→ **Try it**
Omit all pictures and transcribe only the lines in the entries below that run from the line with "Mercedes-Benz Klasa R 500 L 4-Matic - 8" through the line with "Male Circinus Catsuit".
(Input material Opens)
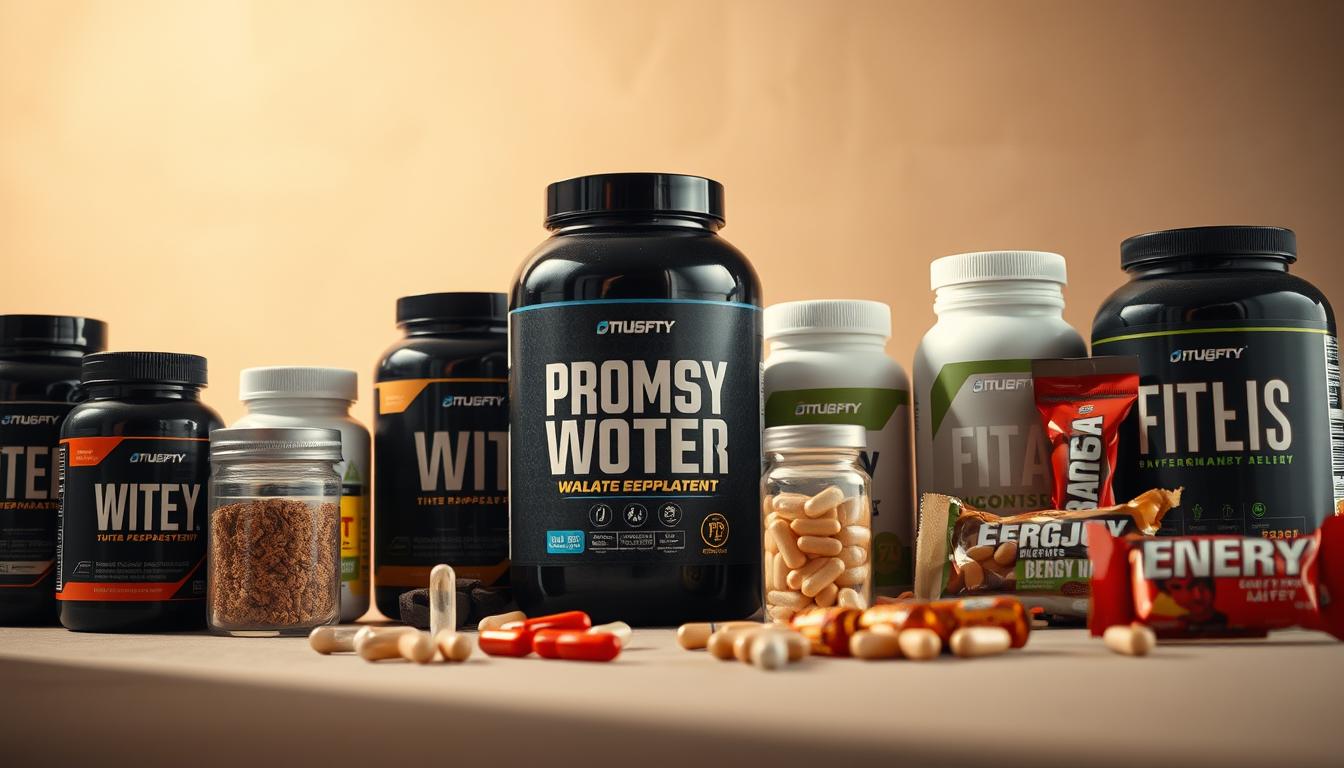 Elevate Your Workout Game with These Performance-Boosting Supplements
(Input material Closes)
(Input material Opens)
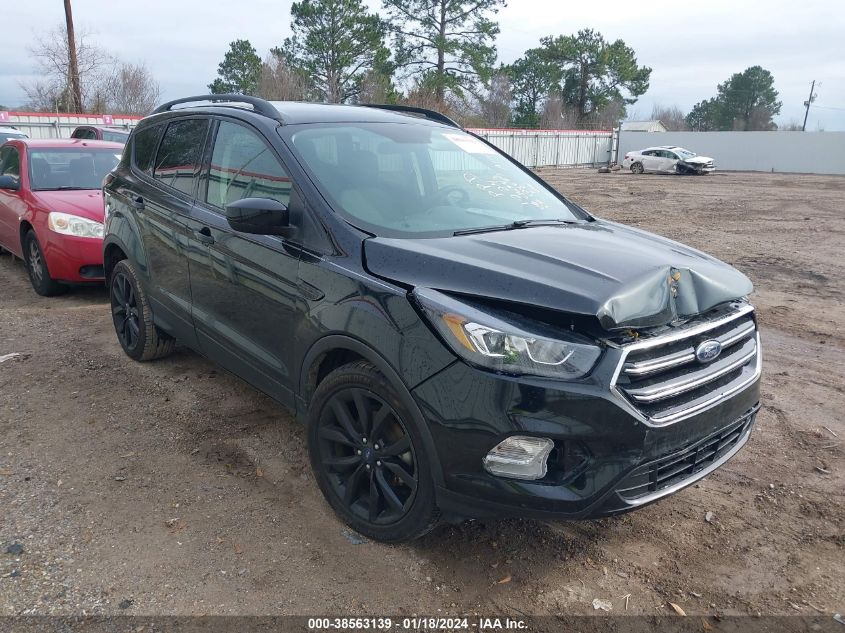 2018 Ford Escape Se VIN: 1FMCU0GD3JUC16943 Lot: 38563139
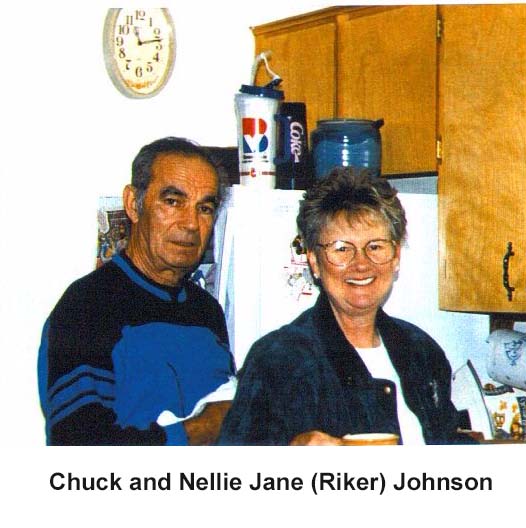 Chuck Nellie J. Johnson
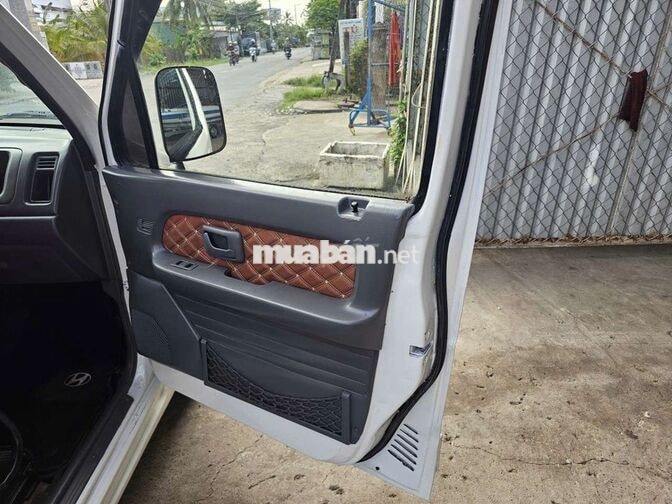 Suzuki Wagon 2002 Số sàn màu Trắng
(Input material Closes)
(Input material Opens)
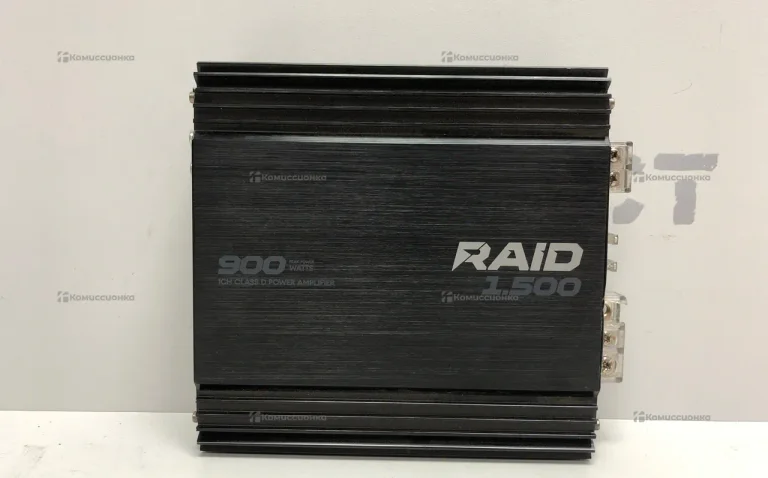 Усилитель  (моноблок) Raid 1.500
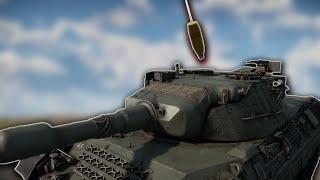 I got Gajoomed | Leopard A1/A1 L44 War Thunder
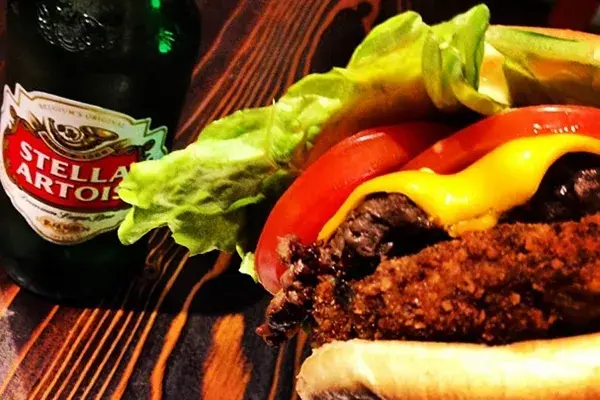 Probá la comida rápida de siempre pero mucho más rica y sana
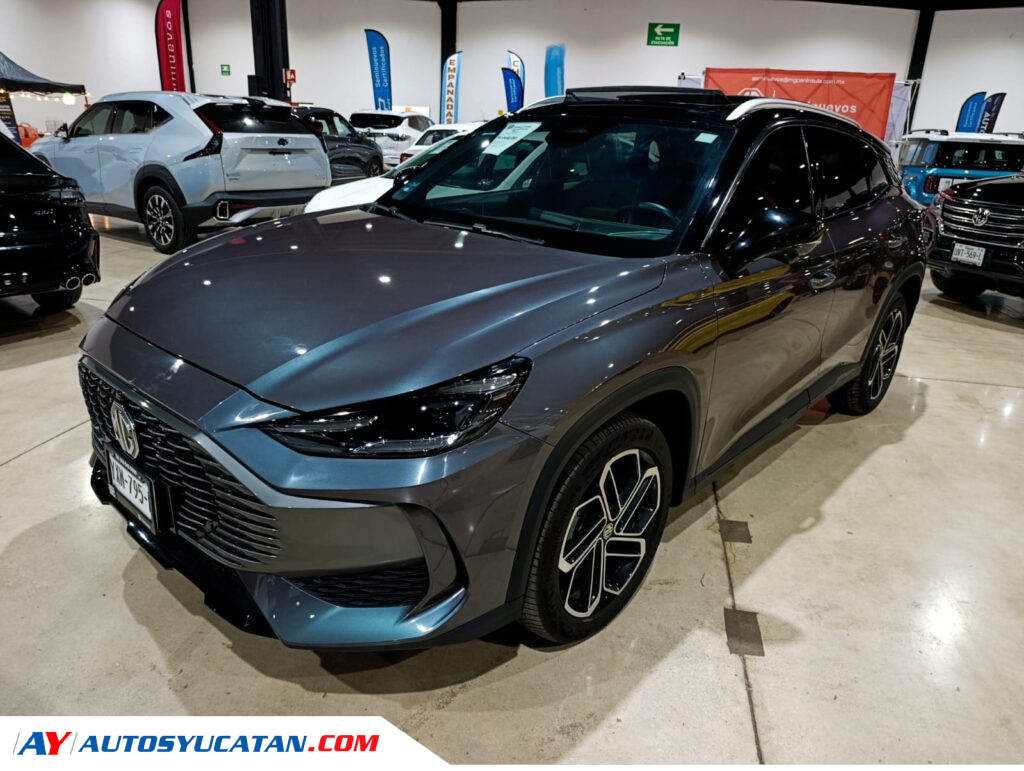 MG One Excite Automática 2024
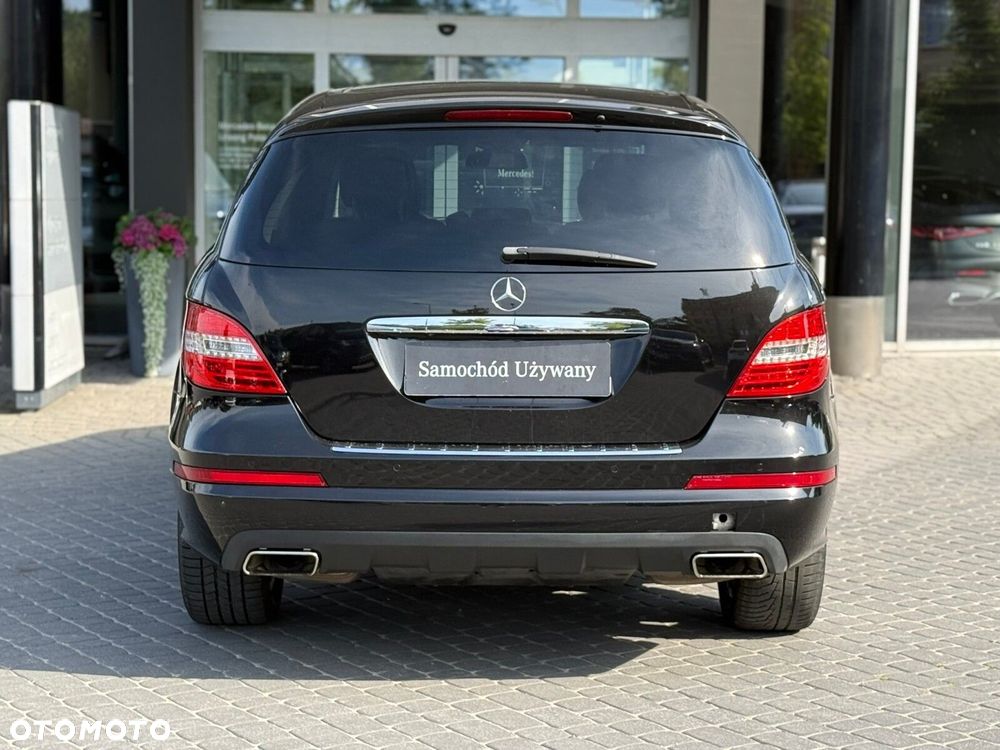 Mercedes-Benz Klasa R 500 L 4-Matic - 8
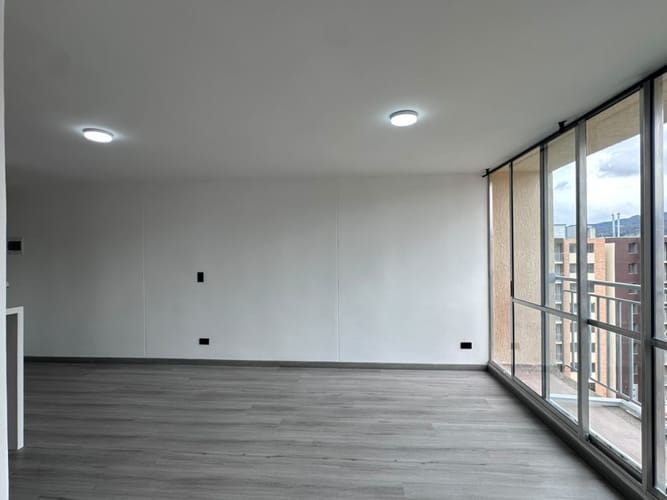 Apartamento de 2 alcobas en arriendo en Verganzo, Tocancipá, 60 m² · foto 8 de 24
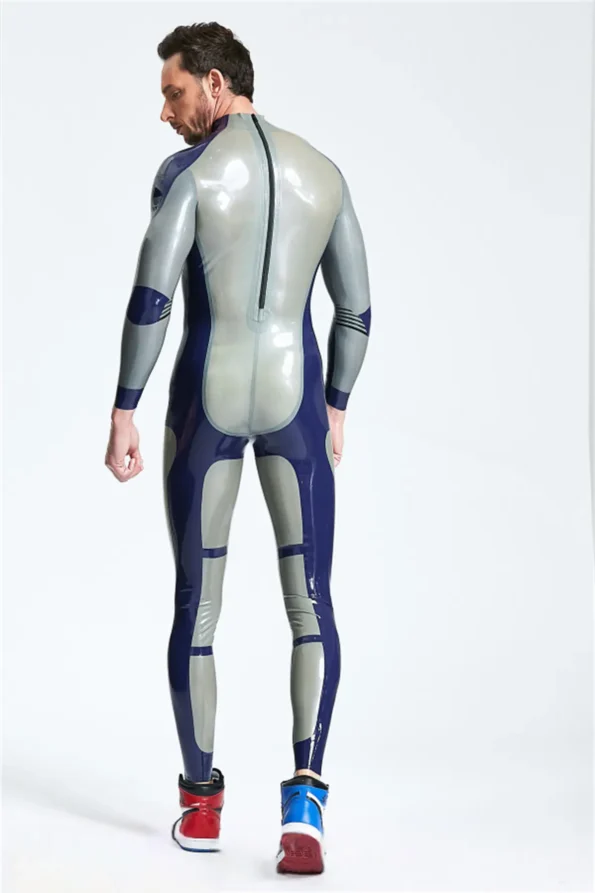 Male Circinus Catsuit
(Input material Closes)
→ **Task answer**
 Mercedes-Benz Klasa R 500 L 4-Matic - 8
 Apartamento de 2 alcobas en arriendo en Verganzo, Tocancipá, 60 m² · foto 8 de 24
 Male Circinus Catsuit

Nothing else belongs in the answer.